How to Make Yellow Jasmine Rice – Step By Step Photos
Add 2 Tbsp butter, 2 cloves minced garlic, 1 tsp turmeric, 1/4 tsp cumin, and 1/8 tsp cinnamon to a sauce pot.
Sauté the garlic and spices in the butter over medium heat for 1-2 minutes, or just until the garlic has softened.
Add 2 cups of uncooked long-grain jasmine rice to the pot. I use this brand, which can be found in 5 lb. bags, usually on the bottom shelf of either the rice aisle, or the Asian section of major grocery stores.
Stir and cook the rice in the butter and spices for about 2 minutes. This will toast the rice and spices giving them a deeper, nuttier flavor. You should hear a popping or crackling noise as the rice toasts.
Add 3 cups of chicken broth to the pot, along with one bay leaf (if using). I use Better Than Bouillon to make my broth because it’s less expensive than buying cans/boxes of broth and way better quality than the little cubes. It also provides all the salt needed to season the rice.
Give everything a good stir, place a lid on top, and increase the heat to high. Bring it up to a full boil then immediately turn the heat down to low. Let it simmer on low (with the lid) for 20 minutes.
After 20 minutes, turn the heat off and let it sit undisturbed (do not remove the lid) for another 10 minutes. If you’re using a bay leaf, it will probably have floated up to the top and you can remove it at that point. You’ll also see swashes of spices over the surface.
Fluff the Yellow Jasmine Rice with a fork to redistribute all the spices, then serve!
Not kidding. Best rice I’ve EVER eaten.
Need more help with cooking rice? Check out my guide for How to Cook Rice.
I’ve tried this with a couple of cloves and cardamom pods and a small handful of raisins, and I’ve been pretty happy with the outcome. (I was using basmati, though…)
My children love this recipe sooo much and it is so easy. I am teaching my daughter to make it.
I will probably mince the garlic, but if I am not available, do you have an estimate of how much bottled pre-minced garlic would be the equivalent of 1/2 T of fresh garlic?
Love your site!
You can just use 1/2 Tbsp of the bottled minced garlic. :) That’s what I used in the original recipe.
I made this last night. It was delicious! had it with some grilled pork chops and sauteed spinach. It was so nice to have rice with so much flavor minus the gravy. Saving a lot of calories this way!
Another good rule of thumb (literally) is place one cup of rice in a pan, gently pour in water or broth (try to disturb the rice as liitle as possible while doing it) until it is about 1″ above the level of the rice. Boil until the water has reached the level of the rice, and then remove it immediately and cover it for 20 minutes. It is one of the best ways to get the “sticky rice” used in many Asian recipes. If you don’t have a basic visual in your head of what an inch looks like, use the first joint of your finger to measure the cold water. It is usually about an inch.
It turns out perfectly every time, but the key is to remove it as as soon as the water has boiled down to the level of the rice!
Yum!
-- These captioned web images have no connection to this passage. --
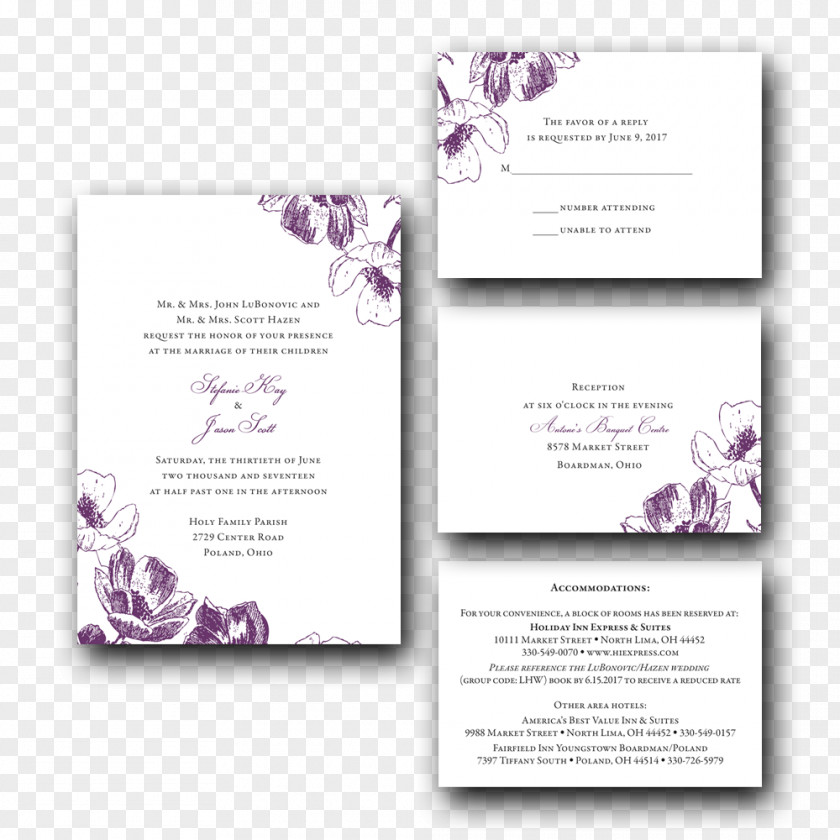 Wedding Invitation Font Convite PNG
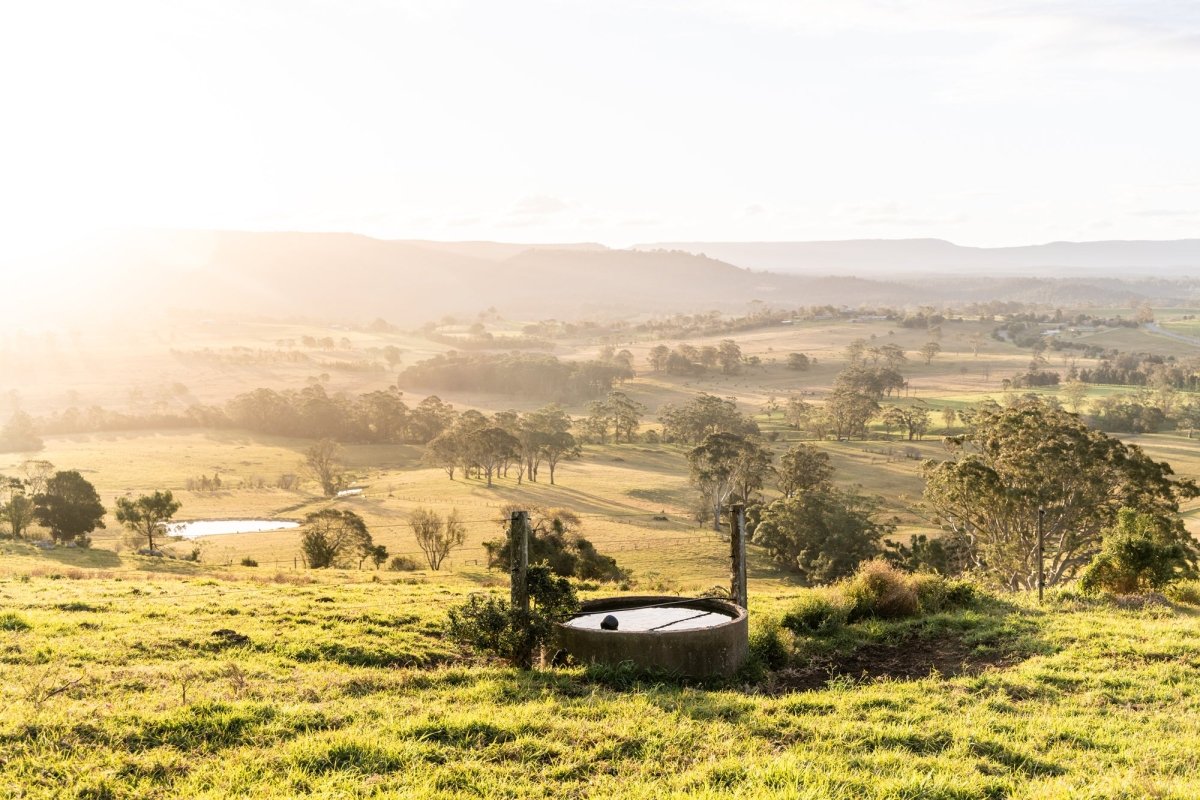 "Corks Lane Watering Hole" Photography Print - Belinda Doyle - Australian Photographer & Resin Artist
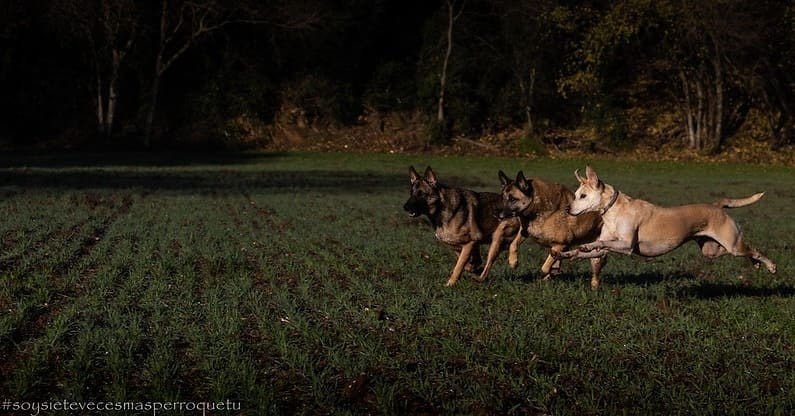 weneflei14's tweet photo. Va que hay ganas de ladraros a la cara 😍
#soysietevecesmasperroquetu #laguaurderia #mimanadaesadoptada #miperroesadoptado #adoptanocompres #mestizo #malinoismix #germanshepherdmix #maliman #huskymix #podencomix #hikingdogs #gossosdecatalunya #dogsofcatalonia #instadog #dogo… https://t.co/a5t7jupLDS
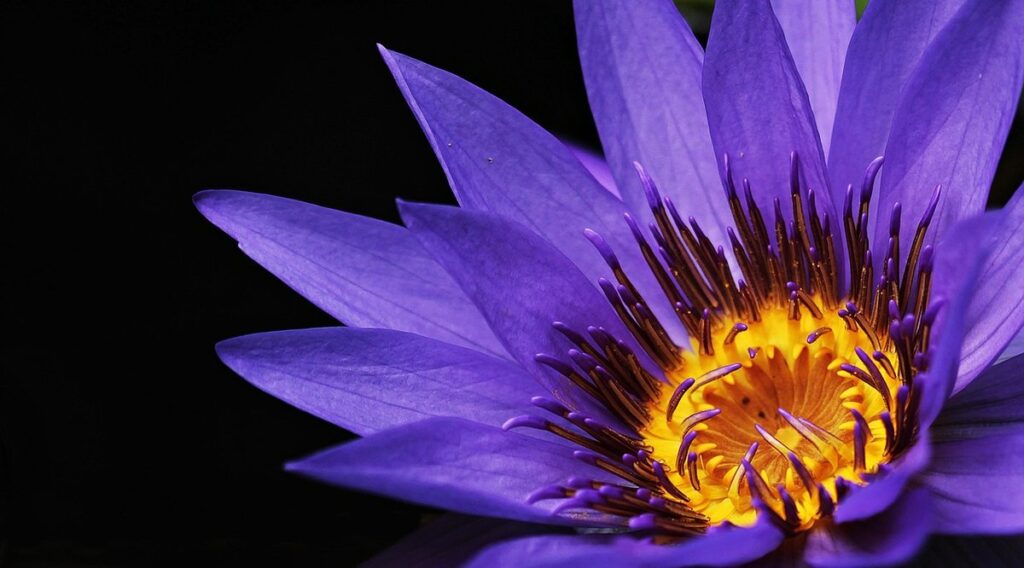 ontario purple flowers for bees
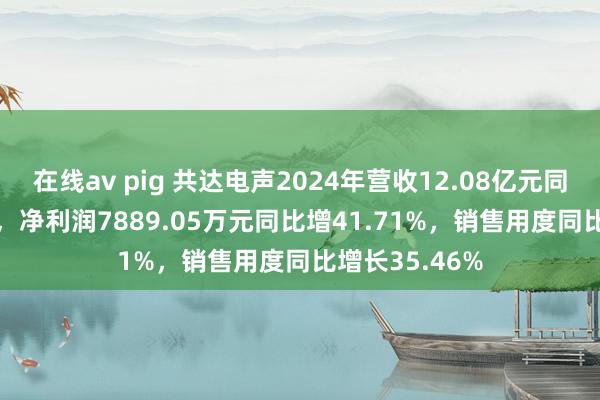 在线av pig 共达电声2024年营收12.08亿元同比增21.06%，净利润7889.05万元同比增41.71%，销售用度同比增长35.46%
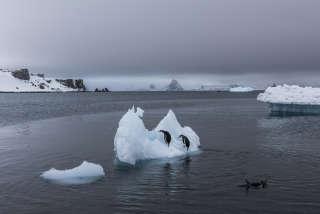 Des manchots sur un iceberg en fusion près de Villa Las Estrellas, village chilien de l’Antarctique, en 2015.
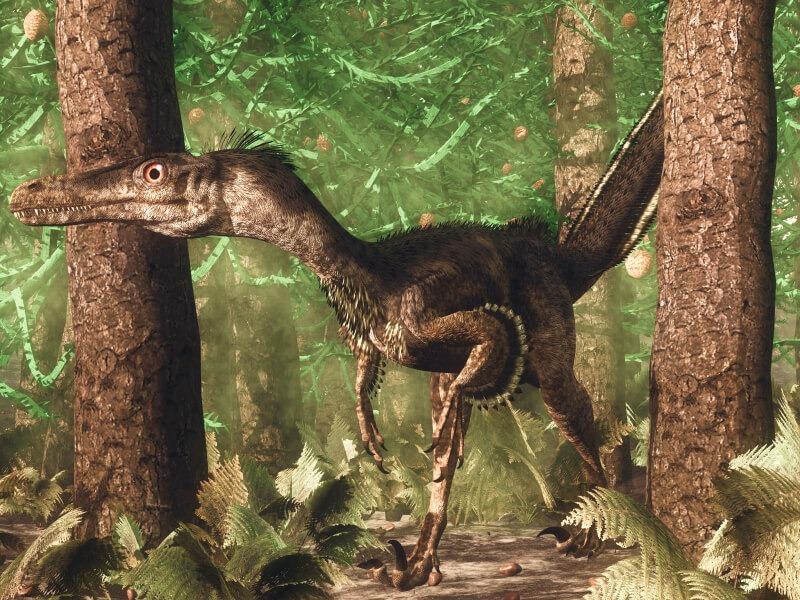 Sonhar com Dinossauros Velociraptor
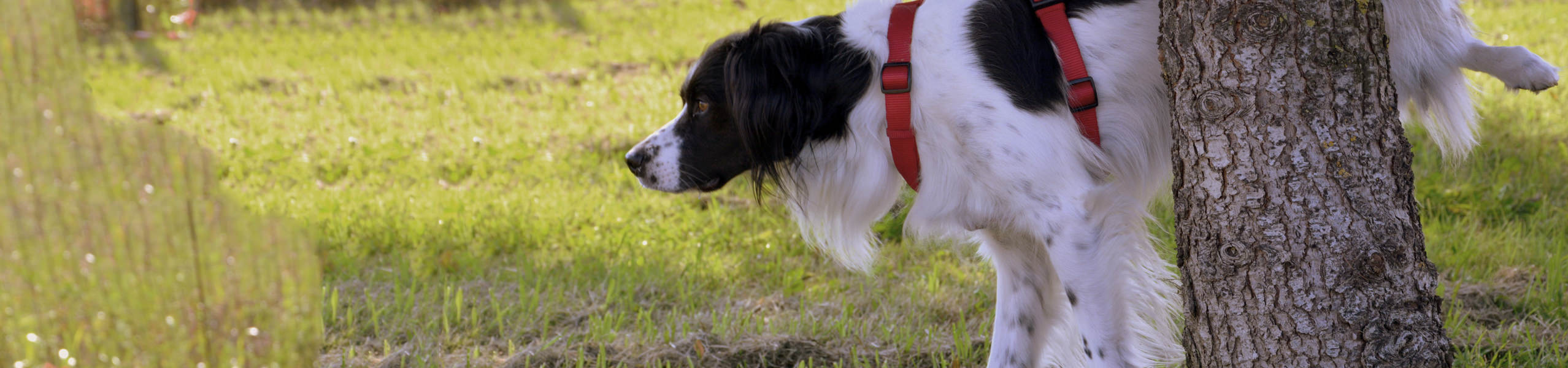 Hund mit Blasenentzündung: wie wir den Vierbeiner behandeln können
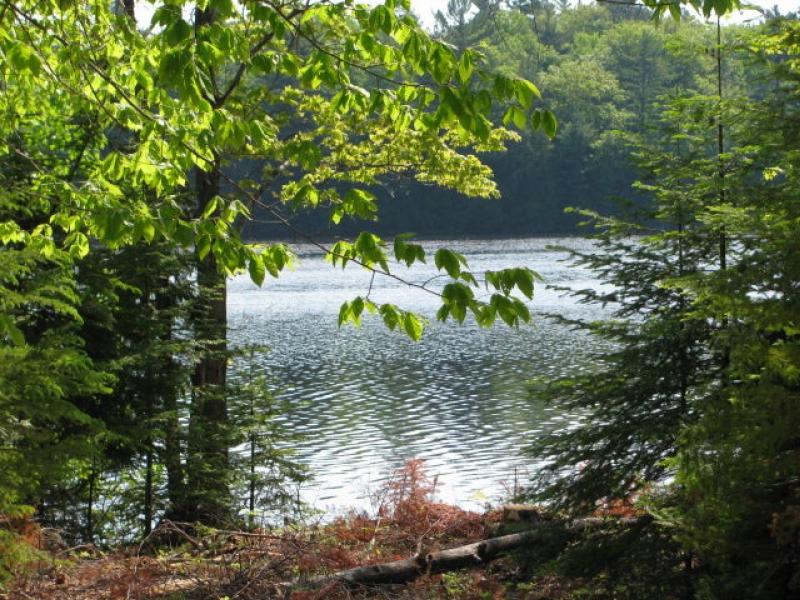 RentalsMLS Rental Additional Image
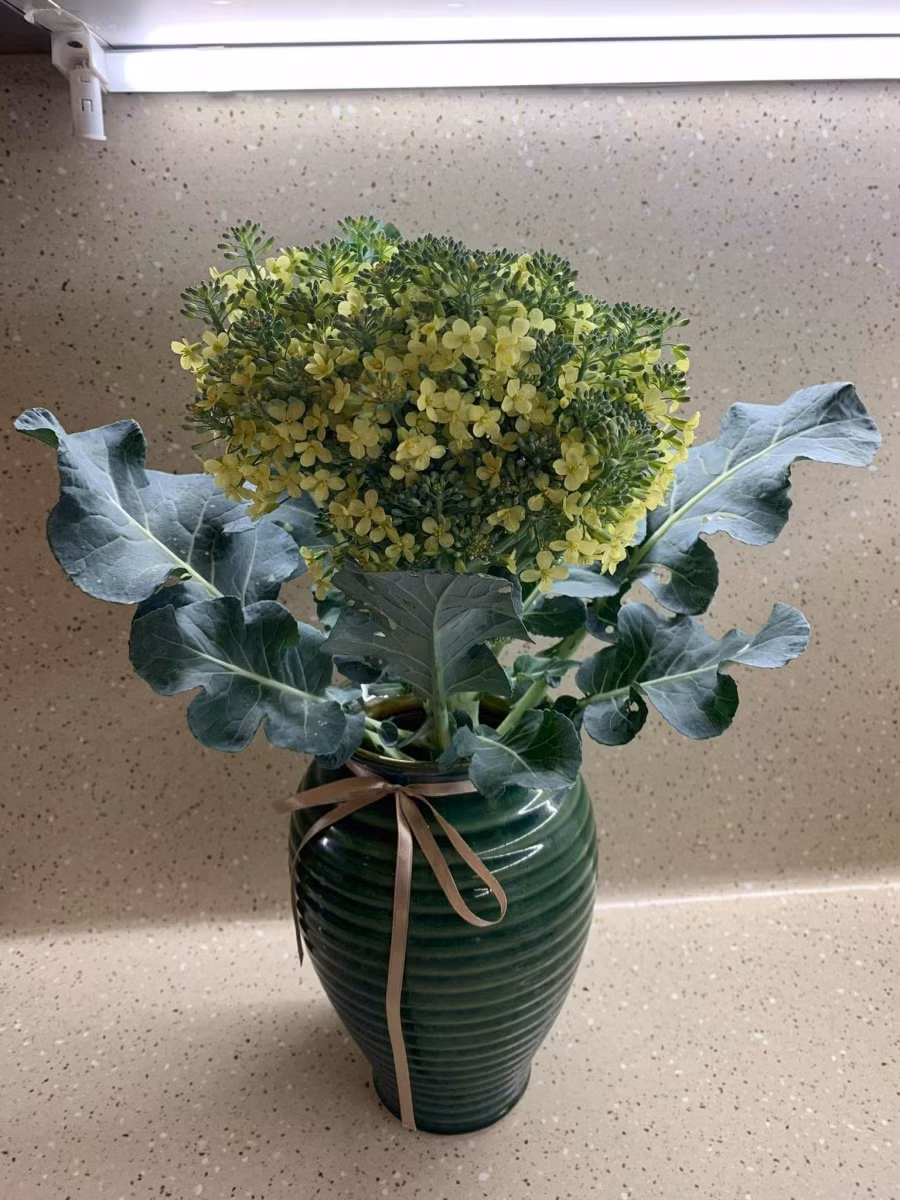 Súp lơ đột biến, mẹ nào thông thái định giá giúp em với ạ để em đỡ "ngượng" với bạn gái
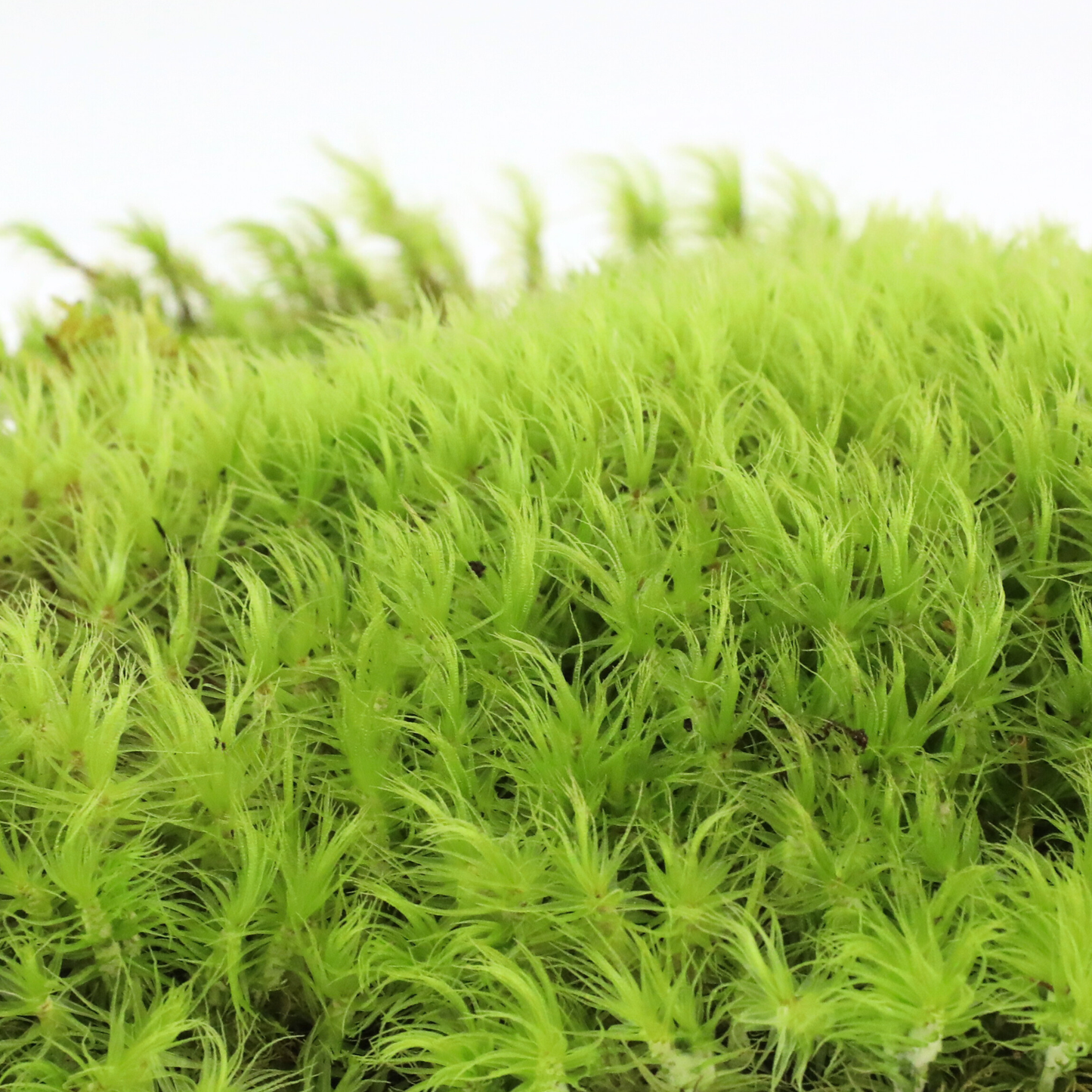 Mossify Mood Moss Live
This is good enough to eat on its own. Didn’t change a thing–although I might try it with basmati rice in the rice cooker next time!
What is a serving size of rice? thank you
About one cup, once fluffed.
thanks you :) this is yummy
I have made this twice now. I love it! I’ve been getting a lot of leafy greens in my CSA lately, and I just love stir fried greens on top of this rice. It was meant to be. Last night I added scrambled eggs to my bowl. Oh, and of course siracha is always nice.
*sauteed greens
That’s my favorite combo, too! I eat that for breakfast a lot.
Excellent and simple recipe. I searched long and hard for a turmeric seasoned rice recipe. I came across this one and my family loves it. I switched out the butter for oil (health reasons) and it is still really good.
I used this method and all of the same spices with brown basmati rice and it was wonderful!
I did have to cook it twice as long, but I expected a longer cooking time with brown rice and also I’m at 3300 feet elevation.
Fantastic recipe. Made it the first time yesterday and very pleased with the result. We’re currently overseas and tumeric is a native spice, but I’d never used it. Lucky me, I did have it in my pantry! I used water rather than broth and followed the cooking instructions up to toasting the rice and spices, then transferred to our rice cooker. It turned out great!
Thanks for another yummy recipe :)
Ok, this is a question in general. Do you rinse your rice before you cook it? I keep hearing that you should, but I’ve never done it (because I’m lazy at heart), and I’m not sure what difference it makes.
I’ve never done it either (also because I’m lazy). I think the thought is that it will remove dirt and dust from the rice. I’ve heard that you should swish it in water a few times or until the water stays clear, although the few times I’ve tried the water just keeps getting cloudy and never really stays clear.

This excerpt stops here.